All in all it’s a huge amount of effort for what at first sight looks like very little gain. Again though, it’s important to dig a little deeper.
First, it’s important to recognize that eye-catching banner ads might be irritating, but they are also incredibly important. They are helping to pay for your free access to this article and to much of the high quality content on the web. Apple’s unilateral ban on Flash threatened to remove the most highly sought-after demographic (affluent early adopters) from the equation (and coincidentally open them up to Jobs’ own iAds system).
It certainly won’t be welcomed in all quarters but, by enabling rich Flash ads to again be delivered to a truly universal web audience including iPhone and iPad users, Adobe is actually doing the web economy a major service.
And if it goes some way to breaking the knee-jerk association of irritating ads with Flash that’s a good thing too. Who knows, maybe the legion of Apple-based ad haters who supported Jobs’ ban so strongly when it was first announced will now be as vociferous in their support for Flash. After all you can block Flash, but you can’t block HTML5.
Yes banner ads are central, but I also think that Adobe has bigger fish to fry. Recently I wrote about Adobe’s Digital Publishing system and was astonished to find that the early trial release seemed to depend on bitmaps to enable InDesign users to recreate their typographically-rich layouts for iPad delivery. Clearly recreating rich designs via more efficient, scalable SVGs and CSS is a far superior solution (though still nowhere near as simple, efficient or elegant as doing so via Flash).
The underlying principle: universal access
Crucially, recreating publications via WebKit provides a way for designers and publishers to ensure that their rich content can be viewed by all users including those who would otherwise be off limits in Steve Jobs’ walled kingdom.
It’s this determination to provide the richest possible experience, whether inside the browser or inside the player, that cross-platform web development is all about. It also demonstrates Adobe’s determination to be seen as the leading HTML5 force, as well as the company behind Flash.
But if you’ve shown that you can deliver rich content universally within the browser via HTML5 rather than the player, isn’t this the right thing to do? If you’ve proved that you can do it without Flash then why not just drop it entirely? Why not just extend the system to the other browsers and develop dedicated stronger HTML5 tools as Jobs suggested? In fact isn’t this proof that Jobs was right all along?
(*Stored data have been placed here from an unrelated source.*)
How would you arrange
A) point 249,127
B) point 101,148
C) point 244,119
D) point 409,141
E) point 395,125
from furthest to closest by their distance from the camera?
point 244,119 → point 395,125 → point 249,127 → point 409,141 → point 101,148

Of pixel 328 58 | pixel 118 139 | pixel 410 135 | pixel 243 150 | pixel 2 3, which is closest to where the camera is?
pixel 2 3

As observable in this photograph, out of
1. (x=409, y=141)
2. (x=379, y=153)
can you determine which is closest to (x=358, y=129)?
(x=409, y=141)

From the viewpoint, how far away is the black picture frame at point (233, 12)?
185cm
Well according to its recent AdobeMAX, Adobe is indeed working on dedicated HTML5 tools. However it’s important to understand that even these will not replace Flash. And for the same reasons that we’ve already seen in practice.
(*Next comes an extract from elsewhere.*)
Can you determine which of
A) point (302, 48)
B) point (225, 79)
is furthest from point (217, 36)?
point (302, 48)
The unspoken assumption that of course the browser can somehow just “do Flash” is fundamentally mistaken.
Yes, Wallaby is a trial preview and its HTML5 power can certainly grow, but it will never replace Flash. This isn’t because Adobe is holding back; rather it’s because “the inability to represent some Flash Professional features in HTML5” is inherent.
In particular Flash has come a long way from its animation and banner-ad origins and nowadays the rich functionality of today’s powerful modern Flash-based RIAs are based on ActionScript’s rich APIs. These APIs are enabled by the Flash runtime and while the HTML5 browser runtime will be better than it was, and can already just about take over Flash’s animated advert duties, it can’t possibly be expected to completely replace the dedicated players.
The unspoken assumption that, of course, the browser can somehow just “do Flash” is fundamentally mistaken. After all Flash and Silverlight are modern, intensively-developed technologies representing thousands of hours of development from the world’s two major software forces, both of whom are effectively betting the company on the success of their cross-platform web platforms.
By contrast the vector-based SVG 1.1 specification, which is absolutely central to any hopes of delivering resolution-independent, scalable, Flash and Silverlight-style rich design in the browser, was developed by an ad-hoc, part-time committee of volunteers with very different plans in mind (think rollover buttons) and hasn’t been updated since January 2003.
Adobe is only targetting the iOS version of Safari for a very good reason: every other browser supports Flash
Not least they have the huge advantage of targeting a single, reasonably robust and reliable cross-platform, cross-browser runtime. For Wallaby to extend its HTML5 output to other browsers, Adobe would have to work out the constantly moving targets of their capabilities and foibles, come up with the necessary workarounds and, assuming delivery is possible, implement browser-sniffing to serve up the desired targeted code.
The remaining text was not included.